Please reproduce the data exactly and omit the pictures.

## Information provided

----

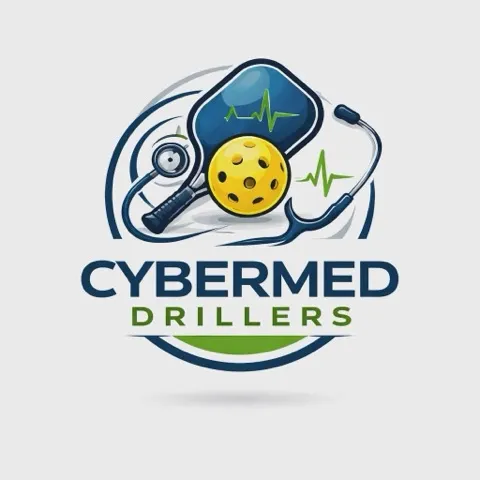 CyberMed Drillers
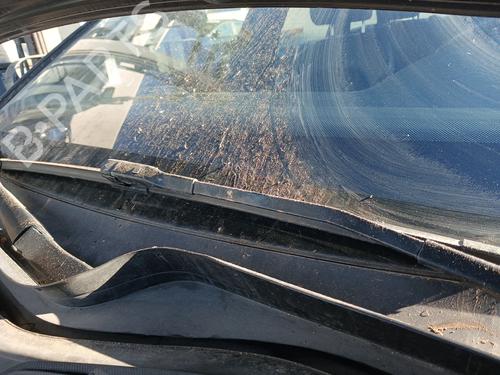 BP31191800C143 main image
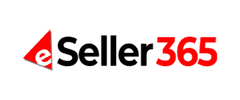 Newsletter-Logos-49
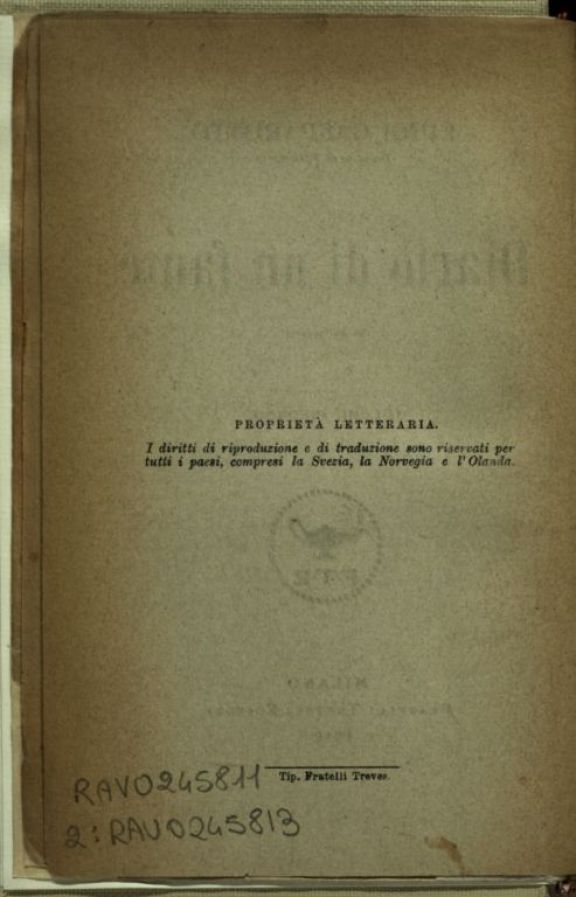 2  / Luigi Gasparotto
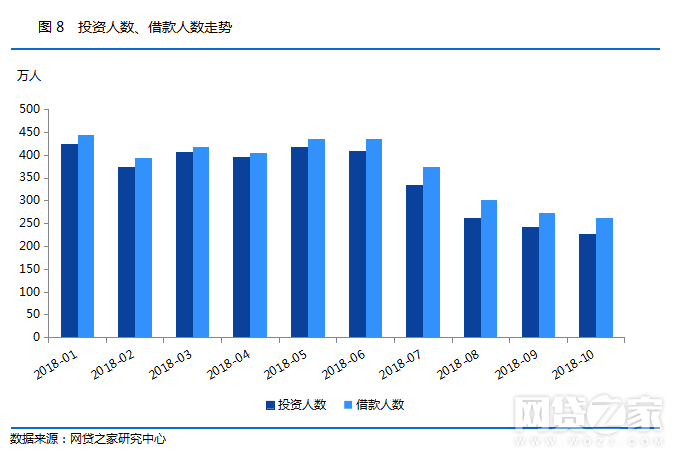 浙江经济总量突破6万亿大关_浙江大学(2)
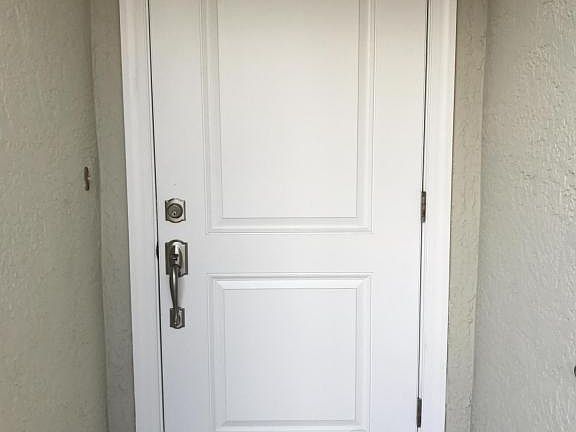 5th image of 2620 Saint Anthonys St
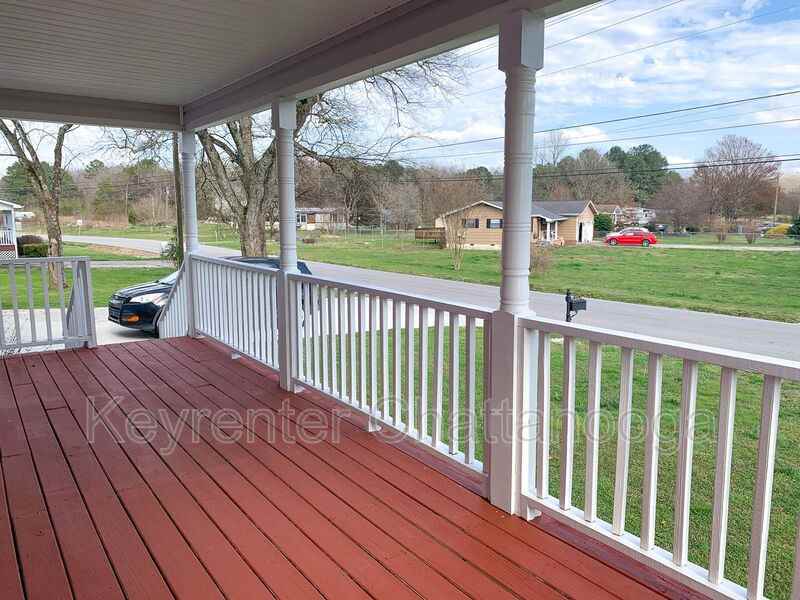 8001 Hale Rd - Photo 2 of 21
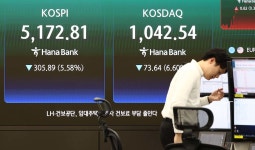 선수촌·미디어 라운지서 삼성전자 기기 체험하는 선수들 | 위키트리 선수촌·미디어 라운지서 삼성전자 기기 체험하는 선수들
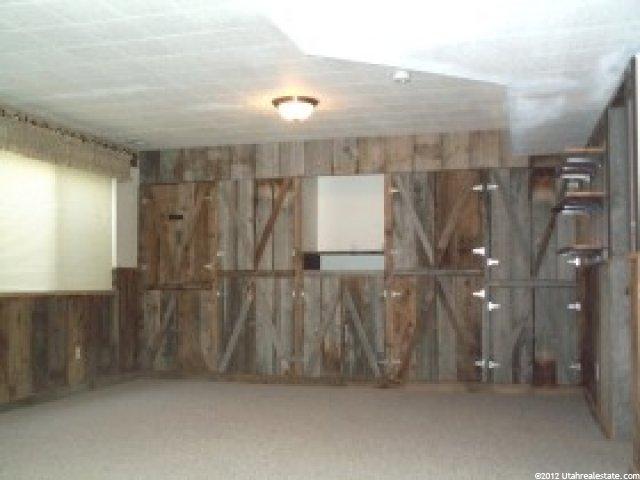 455 E 700 S, River Heights, UT 84321 — photo 5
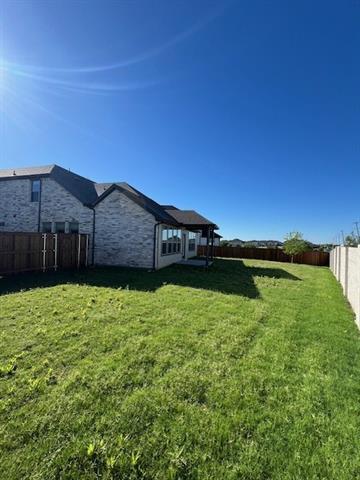 Building Photo - 1216 Diamondback Ln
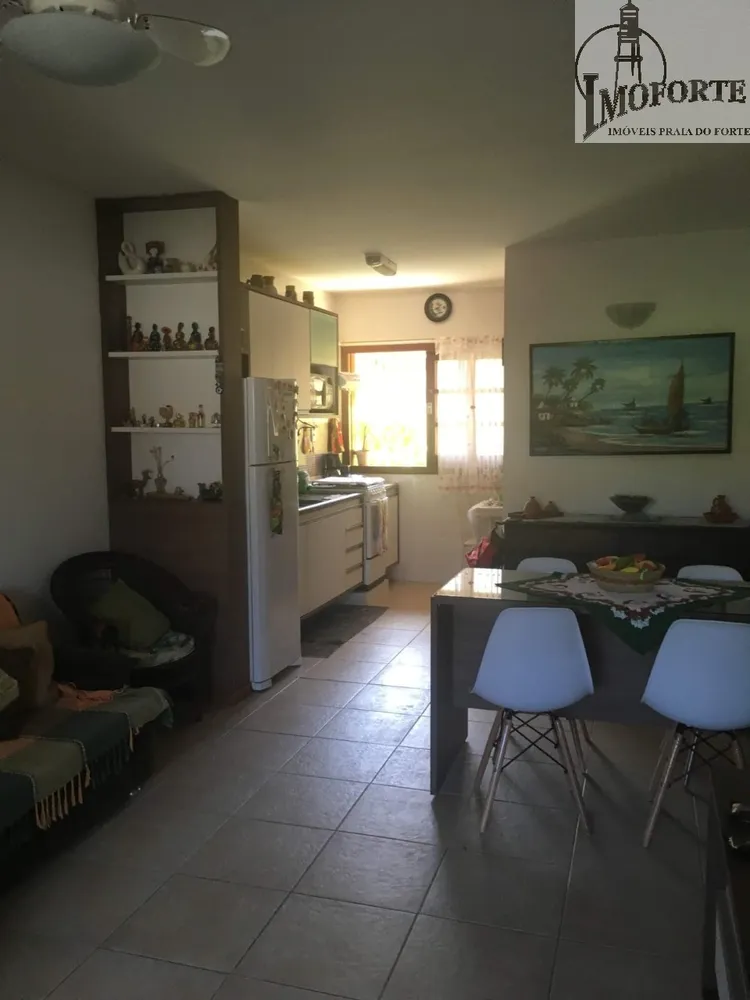 Apartamento, 2 quartos, 99 m² - Foto 5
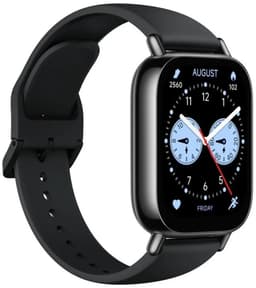 Xiaomi Redmi Watch 5 Lite Smartwatch – 1.98 Inch AMOLED – Bluetooth Bellen – Zwart — thumbnail 7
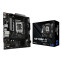 Pamatplate ASROCK H810 H810M-H Black (90-MXBSZ0-A0UAYZ) -  90-MXBSZ0-A0UAYZ - foto 5
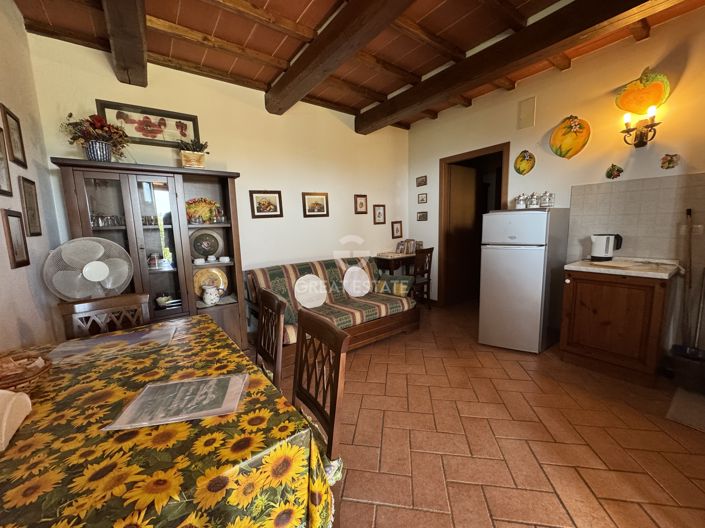 Image No.29-6 Bed Country House for sale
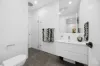 4/68 Rundle Street, Kent Town, SA 5067-Image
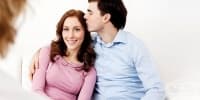 3 ключови фактора за здравословните отношения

----

## Result of the exercise
 CyberMed Drillers
 BP31191800C143 main image
 Newsletter-Logos-49
 2  / Luigi Gasparotto
 浙江经济总量突破6万亿大关_浙江大学(2)
 5th image of 2620 Saint Anthonys St
 8001 Hale Rd - Photo 2 of 21
 선수촌·미디어 라운지서 삼성전자 기기 체험하는 선수들 | 위키트리 선수촌·미디어 라운지서 삼성전자 기기 체험하는 선수들
 455 E 700 S, River Heights, UT 84321 — photo 5
 Building Photo - 1216 Diamondback Ln
 Apartamento, 2 quartos, 99 m² - Foto 5
 Xiaomi Redmi Watch 5 Lite Smartwatch – 1.98 Inch AMOLED – Bluetooth Bellen – Zwart — thumbnail 7
 Pamatplate ASROCK H810 H810M-H Black (90-MXBSZ0-A0UAYZ) -  90-MXBSZ0-A0UAYZ - foto 5
 Image No.29-6 Bed Country House for sale
 4/68 Rundle Street, Kent Town, SA 5067-Image
 3 ключови фактора за здравословните отношения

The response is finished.